Irgendwann waren sie fast alle auf einmal weg. Verschwunden. Eigentlich war ich weg. Räumlich. Aber was ändert das schon? Ich habe sie lange nicht gesehen, keiner hat sie gesehen. Sie sind weg. Irgendwo da draußen. So wie das eine Mädchen, dessen Name mir heute gar nicht mehr einfällt. Wir haben uns damals gegenseitig befummelt. Ich war 13, sie etwas jünger. Sie war nicht sonderlich schön – ich auch nicht. Aber wir waren jung, wir brauchten die Erfahrungen. Beide. Ich würde ihr heute viel wünschen, wie allen anderen von damals auch. Ich denke da häufig drüber nach.

Heute war ich in einer kleinen Berliner Vorstadt in einem Discounter. Da war das eine Mädchen, dessen Name mir heute gar nicht mehr einfällt. Wir haben uns damals gegenseitig befummelt. Sie hat einen großen, mit Waren bepackten, Hubwaren durch den Laden gelenkt. Später dann saß sie an der Kasse, hat mich und die Dame das Hauses abkassiert.

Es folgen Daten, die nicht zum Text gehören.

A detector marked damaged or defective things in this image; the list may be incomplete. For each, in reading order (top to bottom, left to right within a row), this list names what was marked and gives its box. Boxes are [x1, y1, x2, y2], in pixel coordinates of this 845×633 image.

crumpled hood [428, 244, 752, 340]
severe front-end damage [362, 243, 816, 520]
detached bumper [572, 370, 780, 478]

Da saß sie und einige Fragen, die ich mir zu den guten Leuten von damals gerne stelle, beantwortet, obwohl sie da alleine saß. Das Leben ist viel unspektakulärer als ich mir für sie wünschen würde. Ich habe allen etwas Großes gewünscht. Jedem von denen. Sie sollten all das gemacht haben, was sie immer machen wollten. Sollten ihr Glück finden, ihren Frieden mit dem Leben machen. Alles erreichen. Vielleicht ist das, was sie da tut auch genau das. Ich weiß es nicht, ich habe sie nicht gefragt. Ich habe nicht mal Hallo gesagt, in der Hoffnung, dass sie mich nicht erkennen würde. Ich war entäuscht. Das ist nicht das, was ich ihr gewünscht hätte. Sie sollte alles kriegen. So wie alle der Anderen. Heute sitzt sie bei Plus an der Kasse. Viele der Anderen von damals werden ähnliches machen. Ich schließlich auch. Fummelei hin oder her.

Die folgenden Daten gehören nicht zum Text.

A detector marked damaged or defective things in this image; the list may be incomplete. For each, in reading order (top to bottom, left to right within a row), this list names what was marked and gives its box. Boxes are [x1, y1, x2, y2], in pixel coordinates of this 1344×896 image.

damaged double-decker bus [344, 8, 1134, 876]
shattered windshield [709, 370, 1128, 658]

Aber: ich weiß wieder ihren Namen. Er stand in Brusthöhe auf ihrem Namenschild.

6 Kommentare

  1. hans18. Januar 2009 at 10:27

    du hast so recht, ich habe öfter genau solche gedanken. vorallem über meine klassenfreunden von damals. von manchen weiß ich, dass sie sich nicht entwickelt haben, stehen geblieben sind und in einen sehr sehr kleinen welt leben. eine welt, die viel zu klein für ein ganzes menschenleben ist, da quetschen sie sich rein und versuchen darin glücklich zu sein, viele allein. andere wiederum haben sich von der hauptschule, auf der wir gemeinsam waren, übers abi, bis zu einem abgeschlossenen studium hochgerackert und einer, der schwächste seinerzeit, der hat unlängst seine doktorarbeit verteidigt. ich habe mich so für ihn gefreut, dass ich eine ganze woche, nacht für nacht, von ihm geträumt habe. die haben sich das stück welt genommen, was ihnen zusteht, das stück welt, das groß genug für ihr menschenleben ist, die leben nicht allein. ich denke so ist das leben und es macht uns betroffen, mitleidig oder unwohl, da beide pole vorhanden sind, zwischen denen wir oszillieren. angst vor dem alleinsen, einer kleinen welt, in der man nicht atmen kann, in der man den kleinen rest auch noch verlieren kann, wünscht sich keiner. ich schließe mich vollen herzens deinen wünschen an, und wünsche uns allen großes. so groß, dass wir ohne angst und neid hineinpassen. danke für deinen wundervollen post, das trage ich schon lange mit mir herum, jetzt konnte ich es mal loswerden.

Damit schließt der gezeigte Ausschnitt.